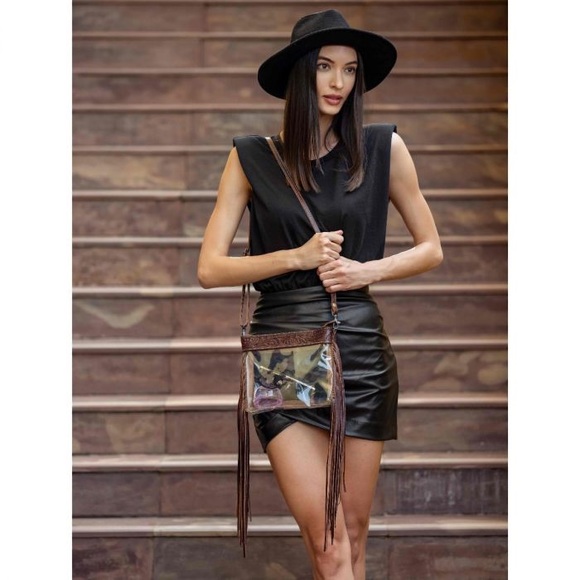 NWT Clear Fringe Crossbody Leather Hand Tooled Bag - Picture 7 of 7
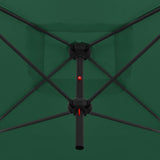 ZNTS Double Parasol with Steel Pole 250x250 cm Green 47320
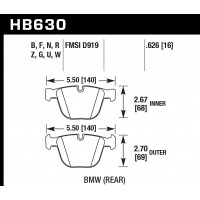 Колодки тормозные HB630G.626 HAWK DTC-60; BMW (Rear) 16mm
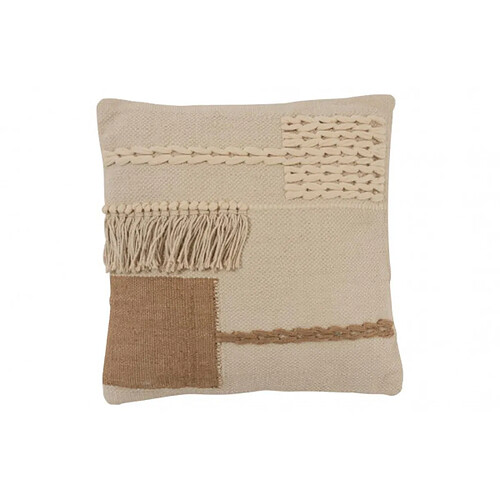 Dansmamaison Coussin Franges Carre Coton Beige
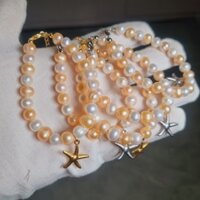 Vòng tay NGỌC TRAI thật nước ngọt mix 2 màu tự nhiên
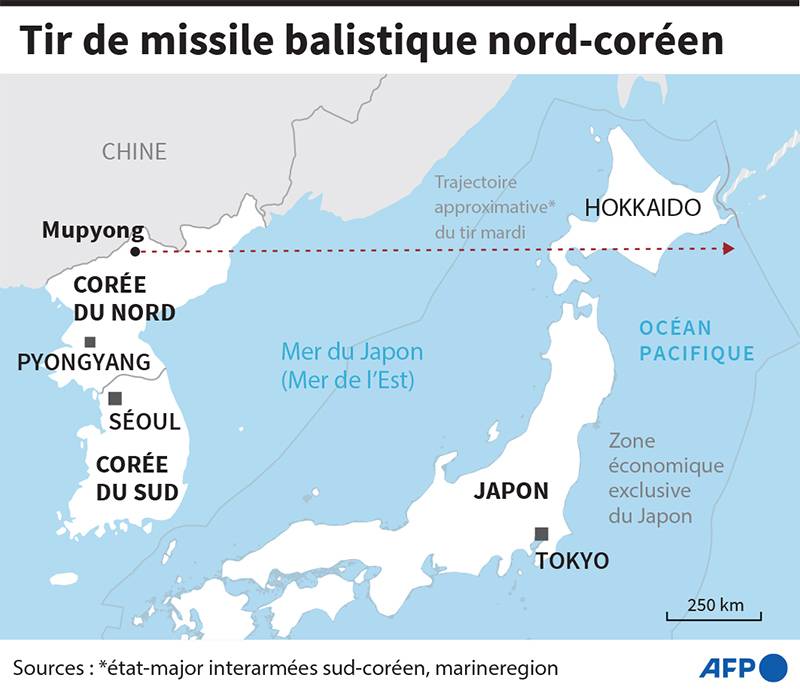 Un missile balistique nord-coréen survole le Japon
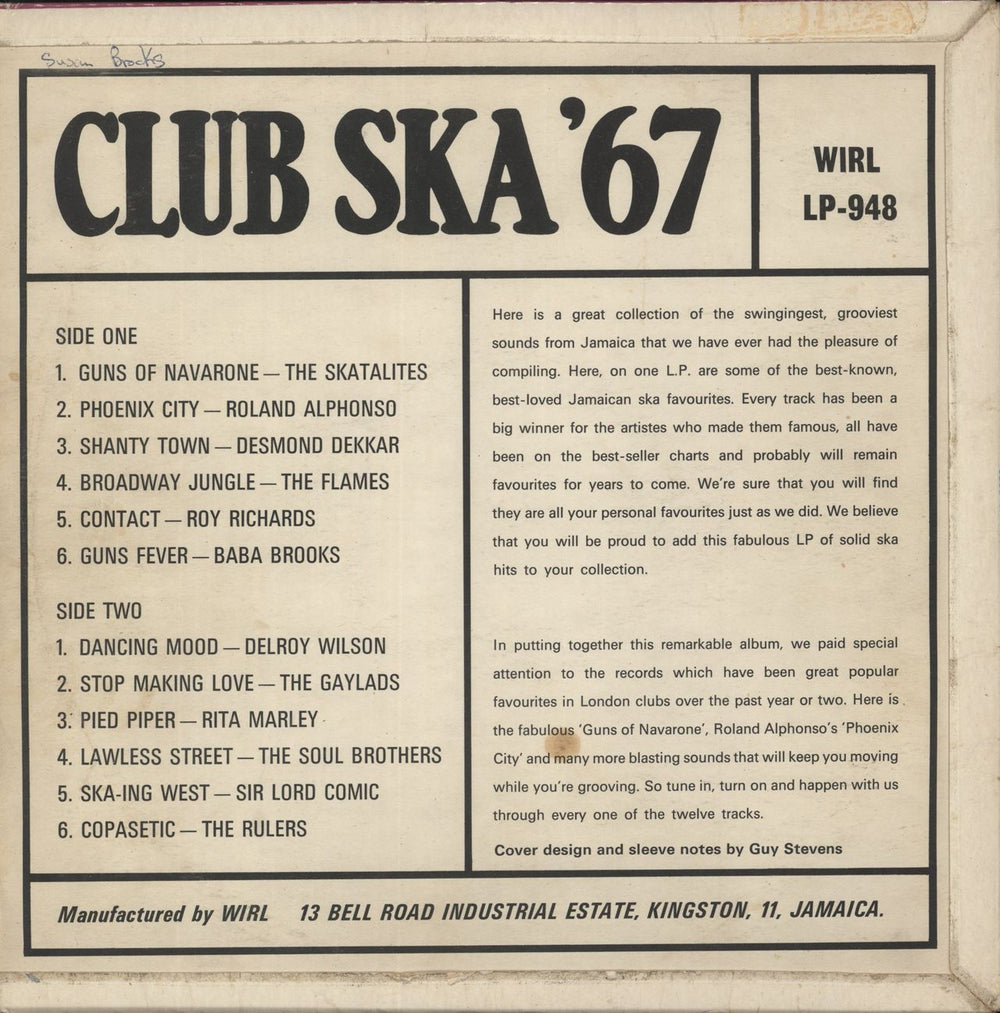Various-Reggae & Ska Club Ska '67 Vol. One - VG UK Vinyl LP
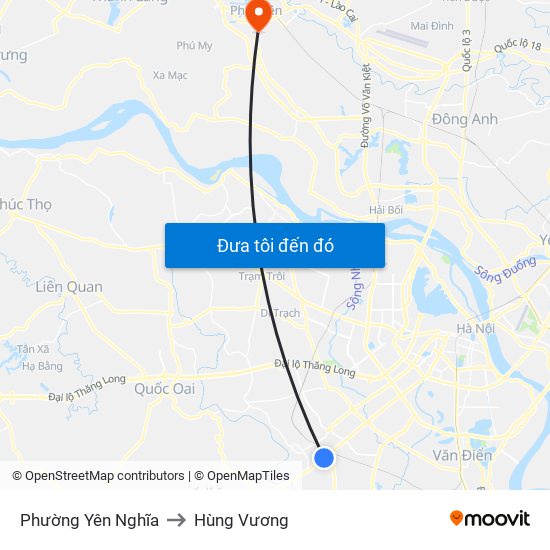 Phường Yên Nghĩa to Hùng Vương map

---

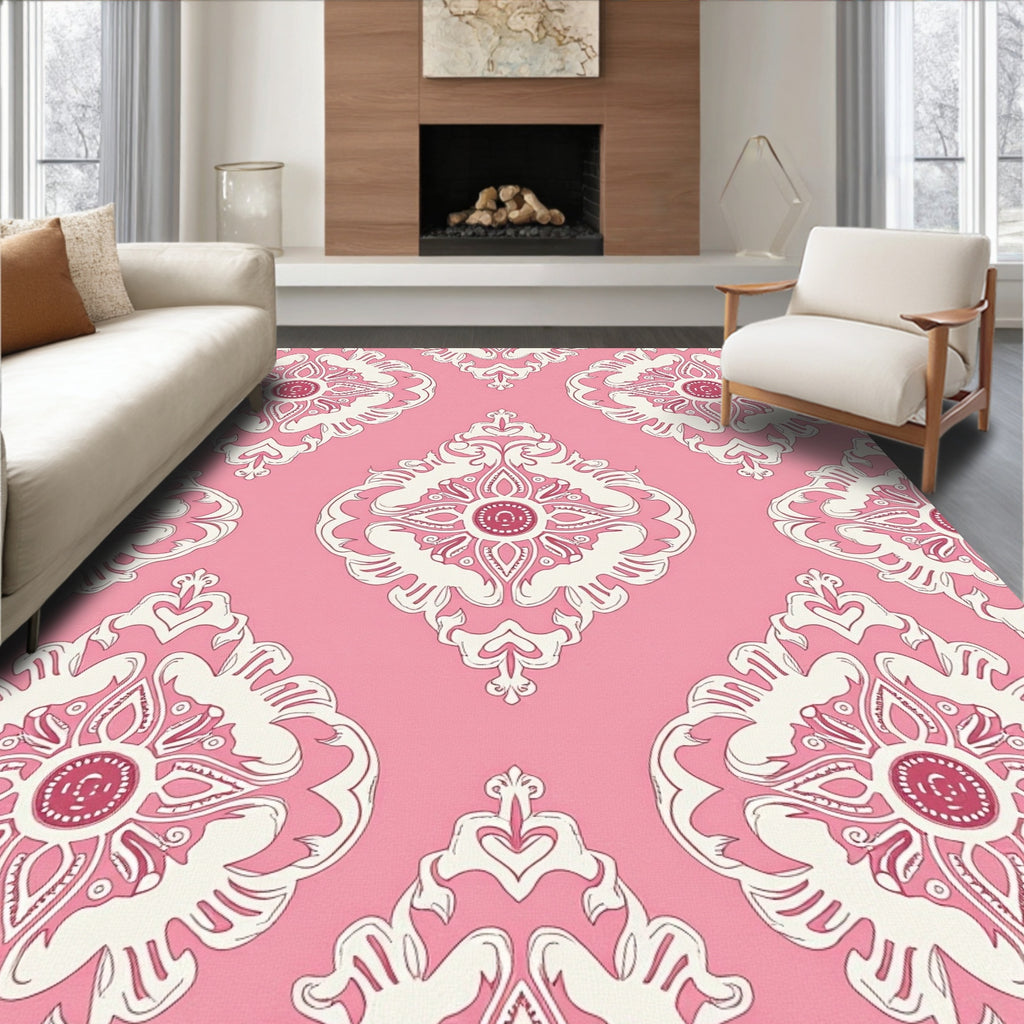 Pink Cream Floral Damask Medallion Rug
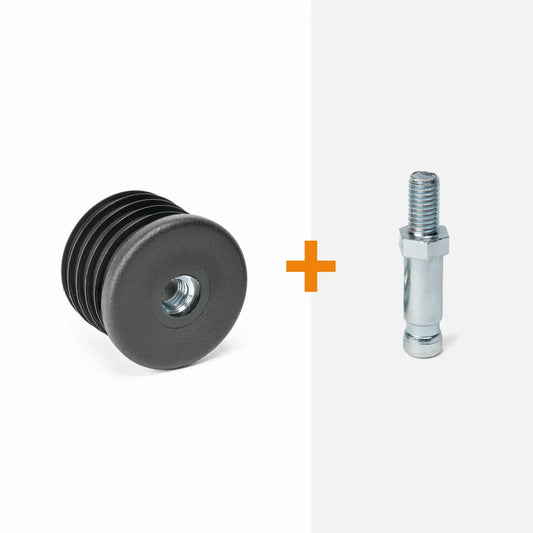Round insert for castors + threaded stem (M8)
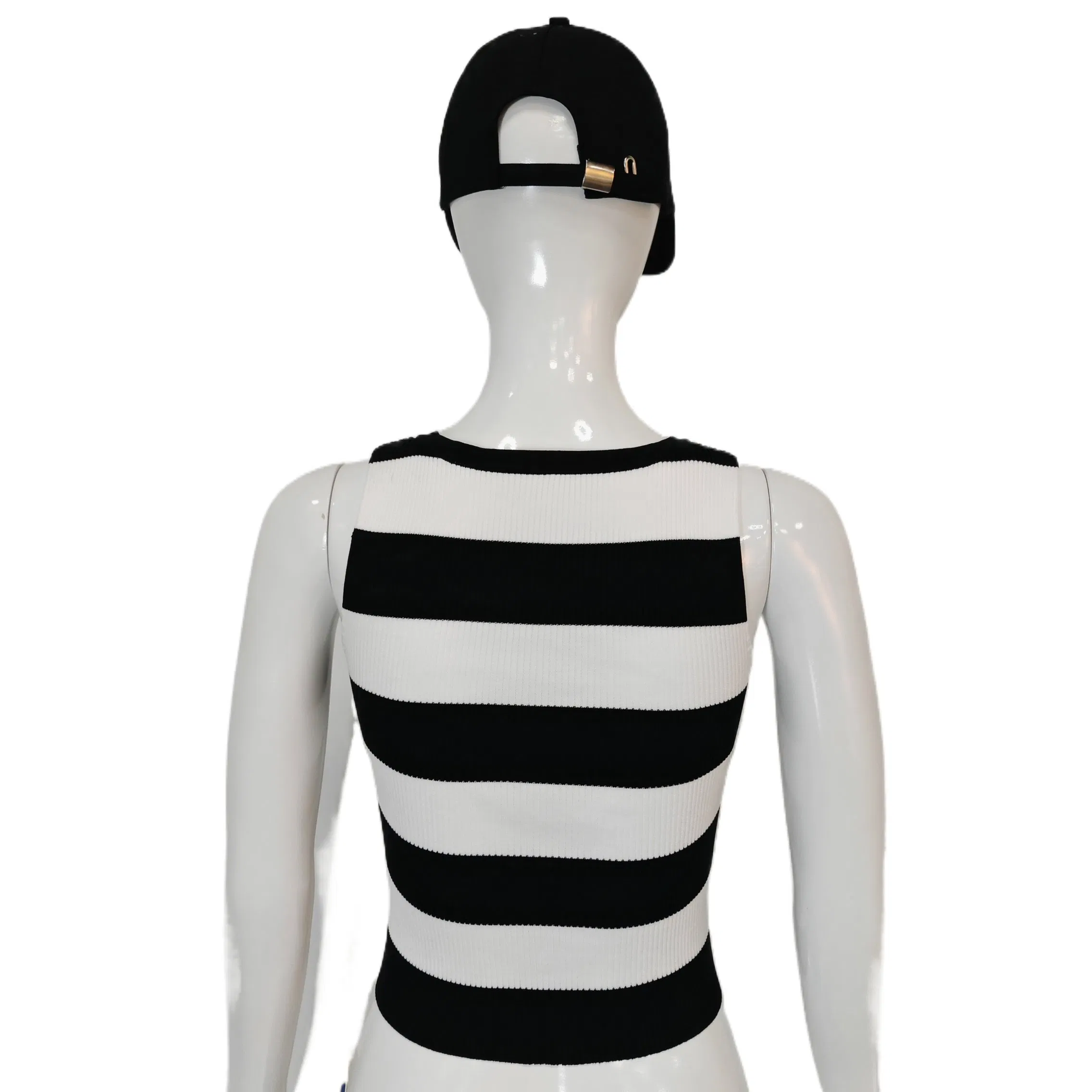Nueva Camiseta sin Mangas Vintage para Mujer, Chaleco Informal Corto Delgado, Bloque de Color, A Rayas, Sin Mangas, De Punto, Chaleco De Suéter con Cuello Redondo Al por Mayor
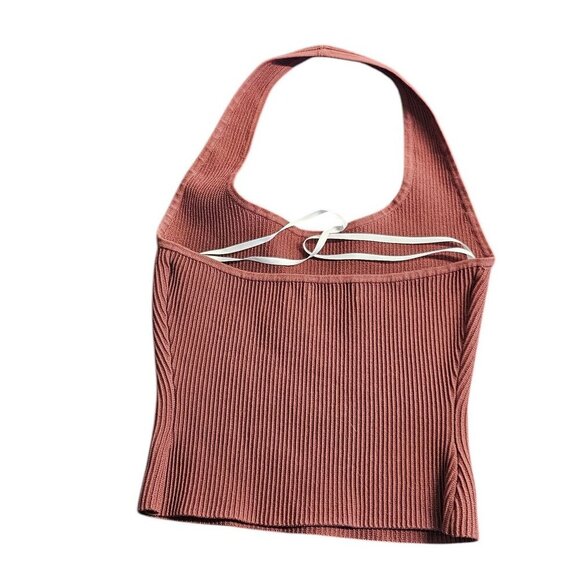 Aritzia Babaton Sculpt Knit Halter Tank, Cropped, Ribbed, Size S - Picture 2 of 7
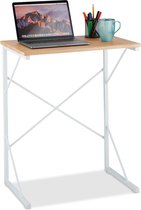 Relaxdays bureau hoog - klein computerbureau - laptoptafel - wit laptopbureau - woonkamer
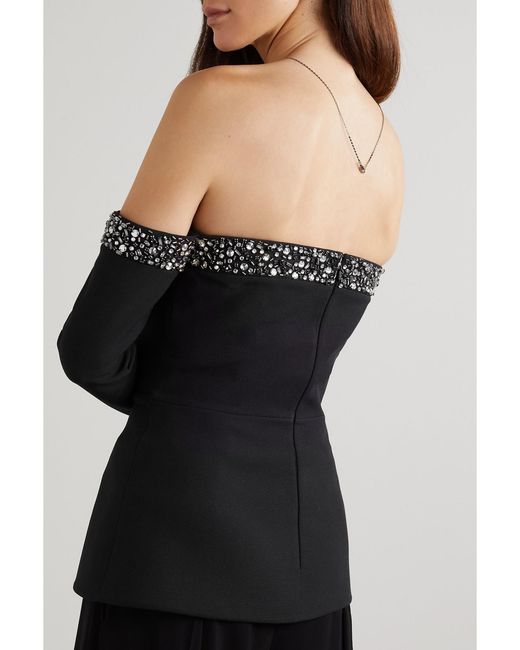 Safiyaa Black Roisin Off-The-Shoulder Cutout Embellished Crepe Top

* * *

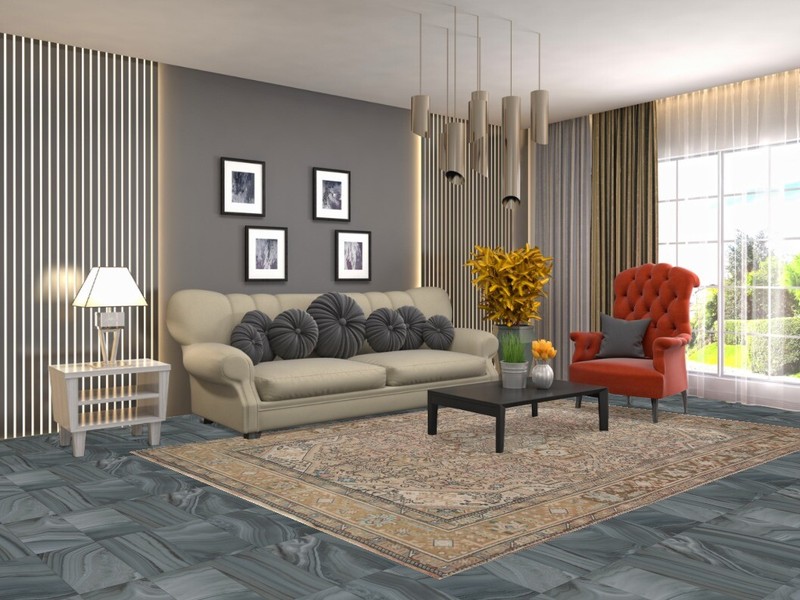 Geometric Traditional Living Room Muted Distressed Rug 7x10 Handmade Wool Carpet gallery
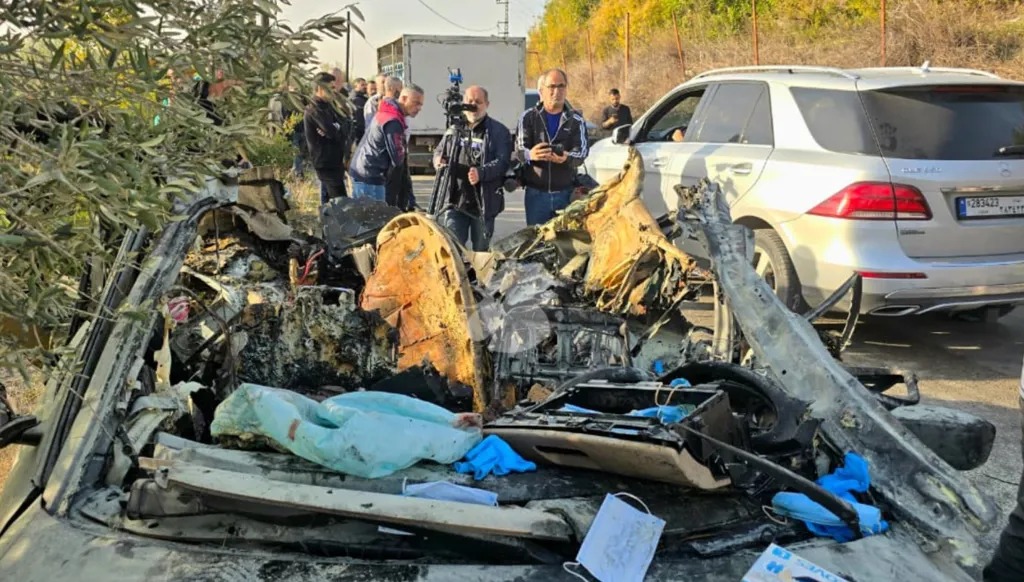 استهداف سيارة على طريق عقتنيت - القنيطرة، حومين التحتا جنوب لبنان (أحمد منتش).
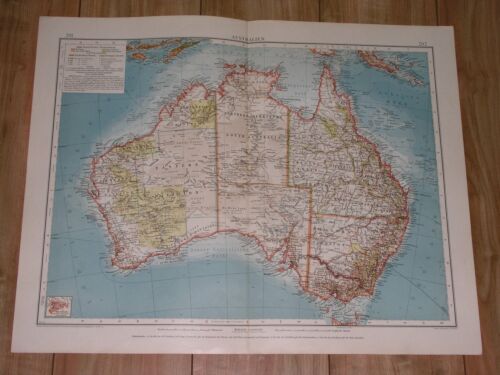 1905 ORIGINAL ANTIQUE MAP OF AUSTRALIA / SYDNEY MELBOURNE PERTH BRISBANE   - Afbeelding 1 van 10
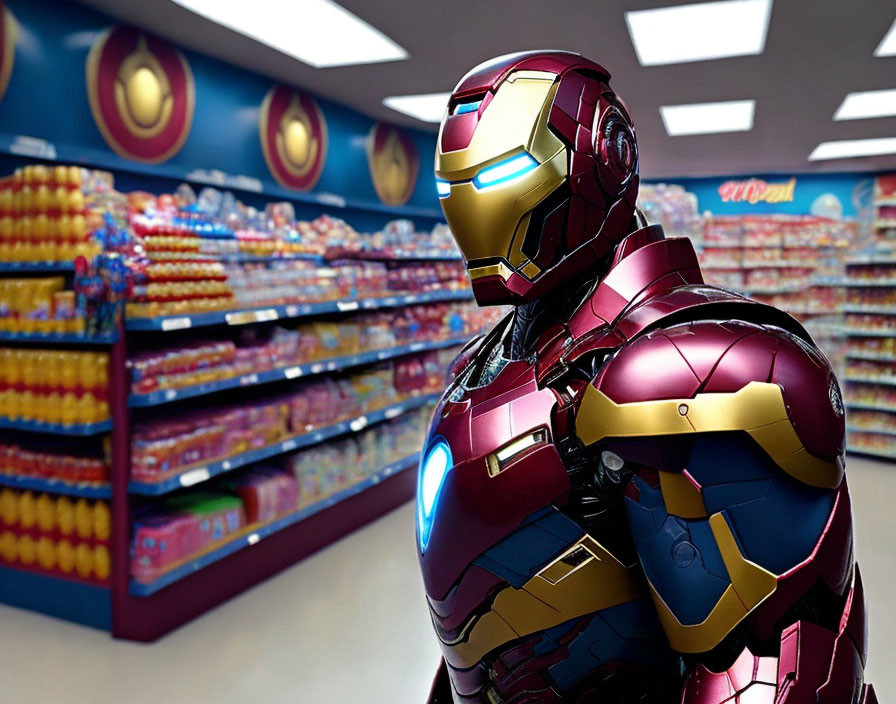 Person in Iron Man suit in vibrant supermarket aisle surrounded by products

# ASSIGNMENT:
Copy word for word the span of the records above that begins at the line with "Vòng tay NGỌC" and ends at the line with "Phường Yên Nghĩa to Hùng Vương map", including those two lines but not the pictures.

# ANSWER AREA:
 Vòng tay NGỌC TRAI thật nước ngọt mix 2 màu tự nhiên
 Un missile balistique nord-coréen survole le Japon
Various-Reggae & Ska Club Ska '67 Vol. One - VG UK Vinyl LP
 Phường Yên Nghĩa to Hùng Vương map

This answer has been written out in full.